Exercise data
• • •

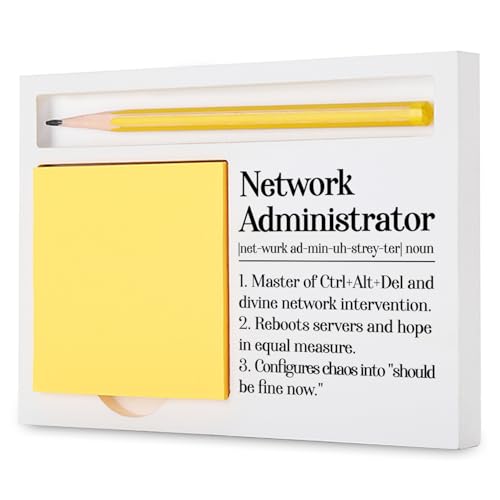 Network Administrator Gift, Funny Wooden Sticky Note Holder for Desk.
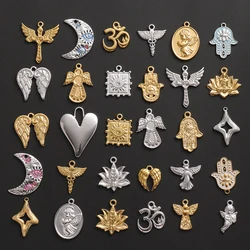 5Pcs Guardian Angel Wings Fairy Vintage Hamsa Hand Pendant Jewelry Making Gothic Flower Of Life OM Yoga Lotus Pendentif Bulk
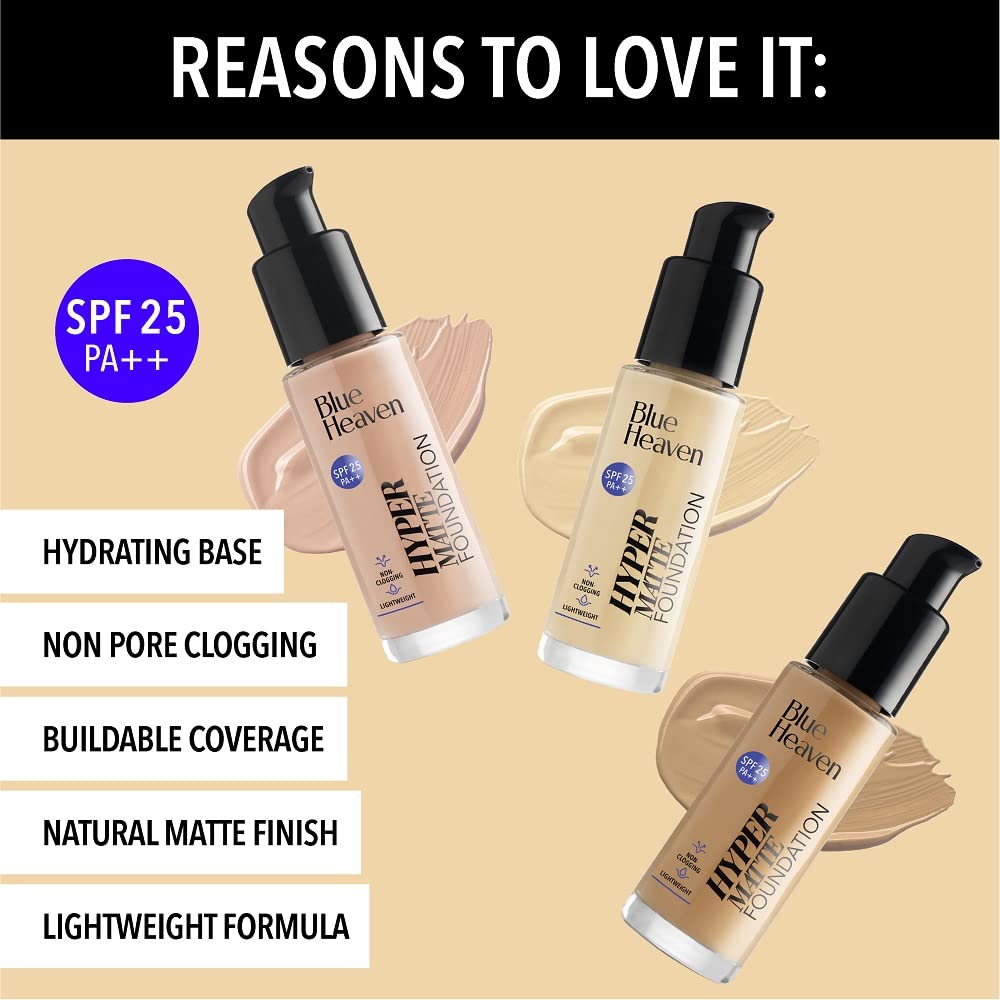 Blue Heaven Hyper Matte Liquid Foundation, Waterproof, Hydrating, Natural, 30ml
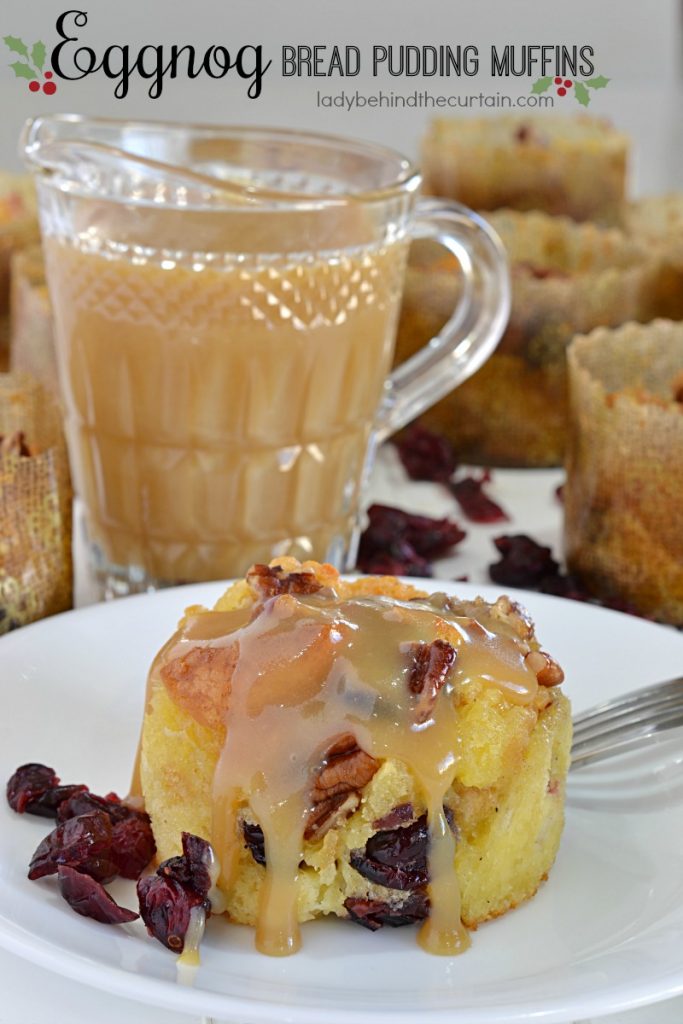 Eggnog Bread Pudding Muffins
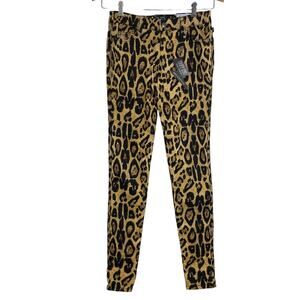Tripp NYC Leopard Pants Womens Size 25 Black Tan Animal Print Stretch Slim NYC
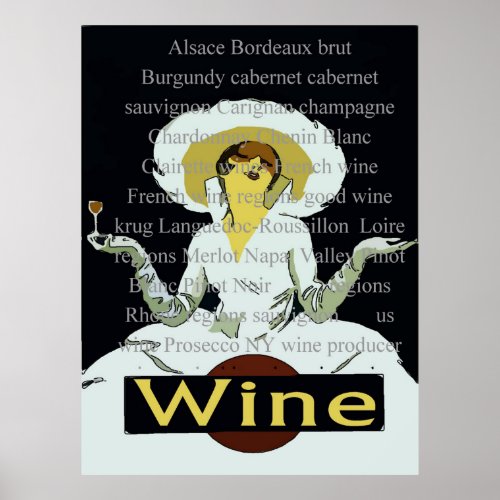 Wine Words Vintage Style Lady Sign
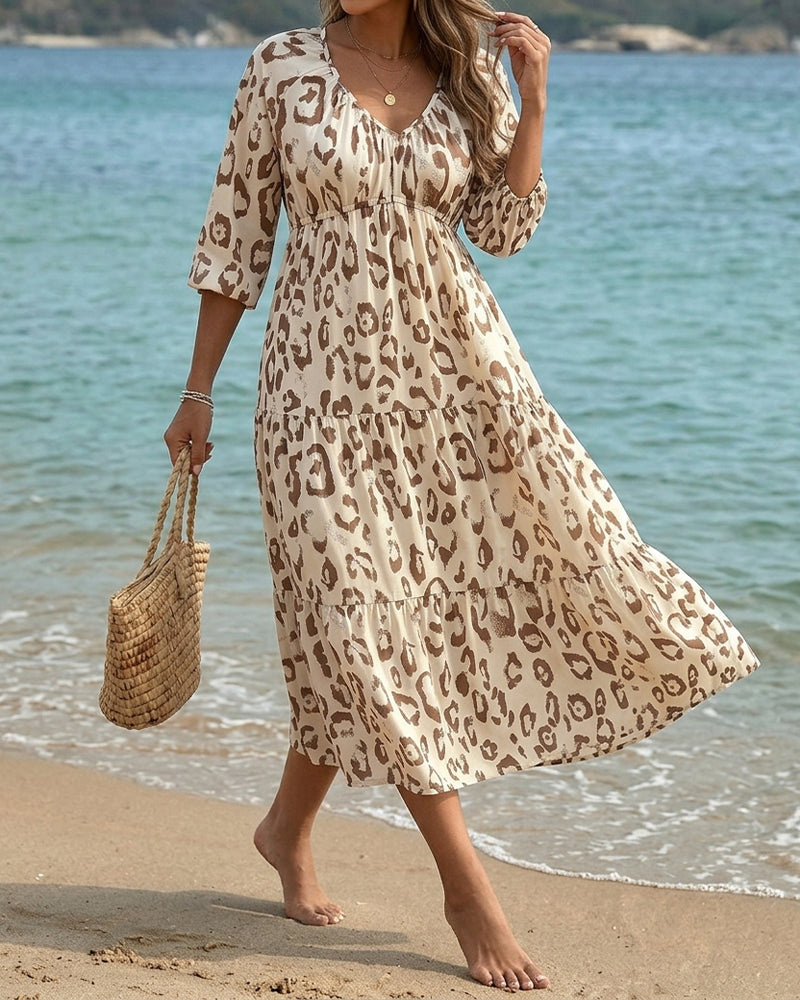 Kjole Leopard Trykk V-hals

• • •

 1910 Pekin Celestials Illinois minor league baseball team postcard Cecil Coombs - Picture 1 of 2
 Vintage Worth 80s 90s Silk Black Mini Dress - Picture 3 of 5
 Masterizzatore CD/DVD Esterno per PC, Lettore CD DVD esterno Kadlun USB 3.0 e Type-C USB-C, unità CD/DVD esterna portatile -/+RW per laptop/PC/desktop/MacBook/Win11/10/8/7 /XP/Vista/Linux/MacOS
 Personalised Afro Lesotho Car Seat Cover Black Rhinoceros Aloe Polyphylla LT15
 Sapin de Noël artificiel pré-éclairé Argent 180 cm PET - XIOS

• • •

Work item
Print nothing but the lines above starting with the line that contains "Network Administrator Gift, Funny" and going on through the line that contains "Kjole Leopard Trykk V-hals". Leave out the pictures.

Task solution
 Network Administrator Gift, Funny Wooden Sticky Note Holder for Desk.
 5Pcs Guardian Angel Wings Fairy Vintage Hamsa Hand Pendant Jewelry Making Gothic Flower Of Life OM Yoga Lotus Pendentif Bulk
 Blue Heaven Hyper Matte Liquid Foundation, Waterproof, Hydrating, Natural, 30ml
 Eggnog Bread Pudding Muffins
Tripp NYC Leopard Pants Womens Size 25 Black Tan Animal Print Stretch Slim NYC
 Wine Words Vintage Style Lady Sign
 Kjole Leopard Trykk V-hals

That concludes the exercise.